One of the best things about the FA Cup is that almost every match in the competition has the potential for a big upset, and with big upsets come very nice betting odds. Trying to pick out the matches in which such an upset is likely to occur is not always an easy task but in general, you can bet your bottom dollar that a struggling Premier League side who has been drawn away to a lower league side on a good run has a decent chance of stumbling.
Having said that, who would have predicted that League One side Bradford City would go to Premier League leaders Chelsea and win 3-2 in the 2014-15 season? We sure wish we’d put money on that.

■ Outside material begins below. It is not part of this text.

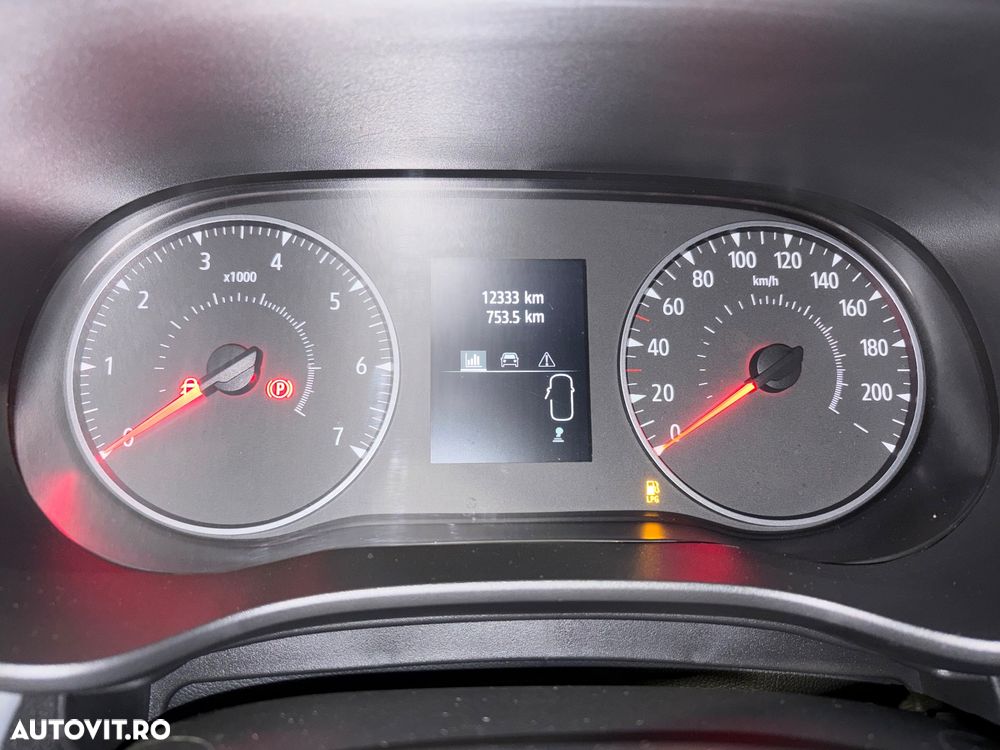 Dacia Sandero Stepway ECO-G 100 MT6 Extreme+ - 28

When betting on the underdog you have numerous options available from simply backing them to win to opting for the “draw no bet”, or perhaps taking them with a +0.5 or even +1.5 goal advantage in the Asian handicap market. If a Premier League side is expected to win comfortably, there is often value in backing against that big win using the handicaps, thus you’ll be in the money whether there is a narrow victory for the favourite, a draw, or a shock result.
Overall though, nothing quite beats seeing the underdog triumph when you’ve bet on them to do so, so for us, FA Cup betting is all about trying to ascertain which sides are most likely to upset the odds. As mentioned, recent league form is an obvious indicator, but so is the likelihood of players from the top flight side being rested. Some managers have a reputation for playing untested youth players in the cup while others will take it more seriously.
Factor in other variables such as injuries, whether the manager of the underdogs has a history of cupsets, and whether there are players who’ve made a habit of scoring in the cup, and with a little luck you could soon be profiting from some FA Cup giant killing.